Dry fragrance very similar to dried apricots. Toasty, sweet, fruity (the apricots, but also longan, lychee, kumquat, currant, and dried pomello rind), cinnamon, pink peppercorns, whole cardamom, and cedar wood. Wet aroma of the leaves more damp wood, wet granite, pear, and plum sauce. Liquor is a clear, reddish copper color and carries a heady aroma of the spices and longan/kumquat fruity notes.

Only real difference in infusions is increased body and headiness of aroma in longer brew. Slick, smooth, full mouthfeel. Long lingering cupric aftertaste with ripe fruit medley. Mineral, sweet crispness lends mouthwatering effect. Slight astringency in the very back of the throat. In tasting, it is vaporous with the aromas blending easily to the flavor and to the nose and afteraroma – practically seamless transition but lighter up front and richer toward end. Taken as a draught, there is more of a plum skin, copper metal sweetness, ripe pear underlying perfume, and overall juiciness you don’t quite get in sipping/slurping.

When brewed longer, this has a striking similarity to brandy or heavier scotch in color, aroma, and body.

Rich and sumptuous while remaining clean, this tea balances the line between oolongs and reds very well and would happily satisfy folks of either preference.

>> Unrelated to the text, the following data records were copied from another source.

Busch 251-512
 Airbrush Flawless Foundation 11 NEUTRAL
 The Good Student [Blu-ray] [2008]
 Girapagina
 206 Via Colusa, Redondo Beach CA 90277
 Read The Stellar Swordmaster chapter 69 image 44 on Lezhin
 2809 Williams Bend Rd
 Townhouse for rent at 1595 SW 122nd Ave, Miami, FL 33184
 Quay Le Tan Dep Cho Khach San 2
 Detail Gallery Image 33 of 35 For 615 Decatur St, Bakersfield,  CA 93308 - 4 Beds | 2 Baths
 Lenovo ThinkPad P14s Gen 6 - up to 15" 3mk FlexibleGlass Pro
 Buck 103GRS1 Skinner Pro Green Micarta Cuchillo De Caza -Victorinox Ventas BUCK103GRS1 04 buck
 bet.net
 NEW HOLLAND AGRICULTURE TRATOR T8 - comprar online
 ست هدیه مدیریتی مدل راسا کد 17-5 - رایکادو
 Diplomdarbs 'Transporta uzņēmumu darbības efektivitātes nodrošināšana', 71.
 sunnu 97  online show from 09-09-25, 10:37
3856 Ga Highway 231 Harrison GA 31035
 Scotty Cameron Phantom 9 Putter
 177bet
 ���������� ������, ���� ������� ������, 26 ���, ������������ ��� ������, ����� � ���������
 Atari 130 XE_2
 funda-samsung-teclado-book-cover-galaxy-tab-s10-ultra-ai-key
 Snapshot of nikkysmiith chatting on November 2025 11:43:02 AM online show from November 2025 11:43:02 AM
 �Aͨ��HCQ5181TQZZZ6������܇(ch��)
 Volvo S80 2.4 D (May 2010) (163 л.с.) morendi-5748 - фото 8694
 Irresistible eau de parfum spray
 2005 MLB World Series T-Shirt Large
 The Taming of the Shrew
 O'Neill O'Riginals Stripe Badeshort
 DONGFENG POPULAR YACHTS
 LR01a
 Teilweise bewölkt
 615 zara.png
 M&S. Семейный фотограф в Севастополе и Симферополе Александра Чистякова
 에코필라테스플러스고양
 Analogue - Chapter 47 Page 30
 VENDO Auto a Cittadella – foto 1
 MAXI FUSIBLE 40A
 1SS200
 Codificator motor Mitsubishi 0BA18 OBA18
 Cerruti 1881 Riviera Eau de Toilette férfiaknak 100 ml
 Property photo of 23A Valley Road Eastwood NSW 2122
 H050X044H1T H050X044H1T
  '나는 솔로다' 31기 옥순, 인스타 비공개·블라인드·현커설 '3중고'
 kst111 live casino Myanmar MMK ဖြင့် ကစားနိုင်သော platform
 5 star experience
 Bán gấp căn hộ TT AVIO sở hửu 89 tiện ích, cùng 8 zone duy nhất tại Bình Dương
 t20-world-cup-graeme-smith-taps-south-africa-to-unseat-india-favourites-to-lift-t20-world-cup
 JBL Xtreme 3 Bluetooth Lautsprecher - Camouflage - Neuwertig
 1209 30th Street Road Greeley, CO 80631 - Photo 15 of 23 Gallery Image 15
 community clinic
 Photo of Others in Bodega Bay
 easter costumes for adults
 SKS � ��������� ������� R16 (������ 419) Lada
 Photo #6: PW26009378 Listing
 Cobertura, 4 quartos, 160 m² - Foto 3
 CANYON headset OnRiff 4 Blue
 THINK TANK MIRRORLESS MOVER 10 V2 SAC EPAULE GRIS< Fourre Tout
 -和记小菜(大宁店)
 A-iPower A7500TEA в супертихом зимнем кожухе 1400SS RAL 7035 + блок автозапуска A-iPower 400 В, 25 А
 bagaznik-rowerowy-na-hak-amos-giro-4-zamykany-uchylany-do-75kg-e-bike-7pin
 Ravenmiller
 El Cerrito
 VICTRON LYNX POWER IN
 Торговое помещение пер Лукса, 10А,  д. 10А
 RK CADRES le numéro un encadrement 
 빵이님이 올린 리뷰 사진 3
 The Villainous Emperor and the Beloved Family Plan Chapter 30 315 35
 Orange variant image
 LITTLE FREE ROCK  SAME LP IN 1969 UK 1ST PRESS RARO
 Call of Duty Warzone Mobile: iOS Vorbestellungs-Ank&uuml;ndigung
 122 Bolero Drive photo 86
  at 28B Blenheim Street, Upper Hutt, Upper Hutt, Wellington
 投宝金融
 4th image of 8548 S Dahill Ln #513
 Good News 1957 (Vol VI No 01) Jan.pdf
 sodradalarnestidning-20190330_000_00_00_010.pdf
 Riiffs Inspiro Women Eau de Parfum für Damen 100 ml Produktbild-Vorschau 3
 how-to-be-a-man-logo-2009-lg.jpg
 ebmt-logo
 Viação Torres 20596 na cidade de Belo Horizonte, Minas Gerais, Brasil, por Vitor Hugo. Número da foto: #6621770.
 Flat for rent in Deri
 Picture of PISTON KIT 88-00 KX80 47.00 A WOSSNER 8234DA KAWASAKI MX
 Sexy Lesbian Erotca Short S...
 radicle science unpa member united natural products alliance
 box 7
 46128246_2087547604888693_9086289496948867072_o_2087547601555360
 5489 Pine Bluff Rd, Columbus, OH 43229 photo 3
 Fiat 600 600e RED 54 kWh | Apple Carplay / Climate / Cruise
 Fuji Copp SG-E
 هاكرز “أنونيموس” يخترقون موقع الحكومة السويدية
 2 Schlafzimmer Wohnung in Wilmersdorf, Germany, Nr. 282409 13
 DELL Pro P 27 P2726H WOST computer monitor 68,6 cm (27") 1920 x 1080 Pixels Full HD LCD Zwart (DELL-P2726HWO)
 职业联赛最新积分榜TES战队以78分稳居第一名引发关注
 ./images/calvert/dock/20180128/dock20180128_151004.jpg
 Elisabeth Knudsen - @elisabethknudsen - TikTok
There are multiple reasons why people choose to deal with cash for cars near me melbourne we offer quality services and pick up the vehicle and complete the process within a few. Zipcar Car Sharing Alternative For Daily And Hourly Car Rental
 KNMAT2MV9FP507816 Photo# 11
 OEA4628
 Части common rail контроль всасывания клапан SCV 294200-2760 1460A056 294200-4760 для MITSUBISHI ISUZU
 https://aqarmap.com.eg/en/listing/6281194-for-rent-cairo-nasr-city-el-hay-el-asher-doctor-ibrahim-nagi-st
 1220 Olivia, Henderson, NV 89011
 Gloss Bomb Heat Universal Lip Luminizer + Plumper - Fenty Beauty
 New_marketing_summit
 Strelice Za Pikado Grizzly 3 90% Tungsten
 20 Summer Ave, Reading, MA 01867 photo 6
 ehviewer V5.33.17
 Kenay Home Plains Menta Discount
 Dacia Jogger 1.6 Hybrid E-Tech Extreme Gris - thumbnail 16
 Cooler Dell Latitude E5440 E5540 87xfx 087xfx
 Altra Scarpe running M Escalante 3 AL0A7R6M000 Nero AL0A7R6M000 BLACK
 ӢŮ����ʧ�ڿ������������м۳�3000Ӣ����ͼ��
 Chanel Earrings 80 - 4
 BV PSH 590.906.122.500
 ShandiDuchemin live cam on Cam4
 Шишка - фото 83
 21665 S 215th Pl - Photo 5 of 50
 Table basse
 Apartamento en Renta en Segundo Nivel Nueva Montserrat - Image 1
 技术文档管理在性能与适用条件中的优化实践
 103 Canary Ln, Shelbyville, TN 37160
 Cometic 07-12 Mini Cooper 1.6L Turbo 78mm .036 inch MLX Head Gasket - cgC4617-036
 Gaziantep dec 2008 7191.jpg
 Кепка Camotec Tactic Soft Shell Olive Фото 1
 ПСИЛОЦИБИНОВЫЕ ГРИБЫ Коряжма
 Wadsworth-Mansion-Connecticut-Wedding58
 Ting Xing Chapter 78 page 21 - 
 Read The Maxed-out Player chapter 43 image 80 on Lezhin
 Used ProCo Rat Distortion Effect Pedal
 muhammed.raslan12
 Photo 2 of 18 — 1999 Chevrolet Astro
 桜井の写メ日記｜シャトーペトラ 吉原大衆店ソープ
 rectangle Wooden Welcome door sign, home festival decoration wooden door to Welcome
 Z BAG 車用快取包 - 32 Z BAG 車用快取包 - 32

Despite its weight, I would never consider besmirching this tea with additions – it is really pointless and adding anything more than the smallest bit of sugar or honey would tear it to shreds.

Wow, this is so incredibly different in appearance and dry fragrance from the past couple years! It is no longer a tightly balled tea with the looks of an old-style dark Tieguanyin and is no longer evocative of dried apricots prior to brewing. Now it’s a wiry, dark, twisted-leaf tea with the looks and smell of a small-leaf, charcoal roasted Wuyi Yancha or a particularly roasty Yixing Gongfu Hongcha. Now it is immediately identifiable as a red/black tea the moment the bag is opened. I really thought I got the wrong tea in the mail and even called them up to verify that this is what this year’s is like.

So why am I okay with this having the same name and not bothering to create a new entry to accommodate a different style? Well, first it’s because it’s by the same producer from the same plants. Second… I would have a hard time telling the two versions apart by taste. Color is a bit more crimson in the first infusion but back to the red-orange brown coloration of its previous incarnations in subsequent infusions. Aroma, taste, tactile impression, nose… they are all right in line with tasting notes I’ve made before. Sweet, perfumey with ripe apricot and prune qualities, and lingering woody spice notes. Charcoal fragrance does not appear in the cup at all. Won’t change the score since this is still really good. I’m impressed that the flavor isn’t obviously different after the rolling style has changed so much.
Brewed 4g/100mL with 95C water for 1min-1min-1min.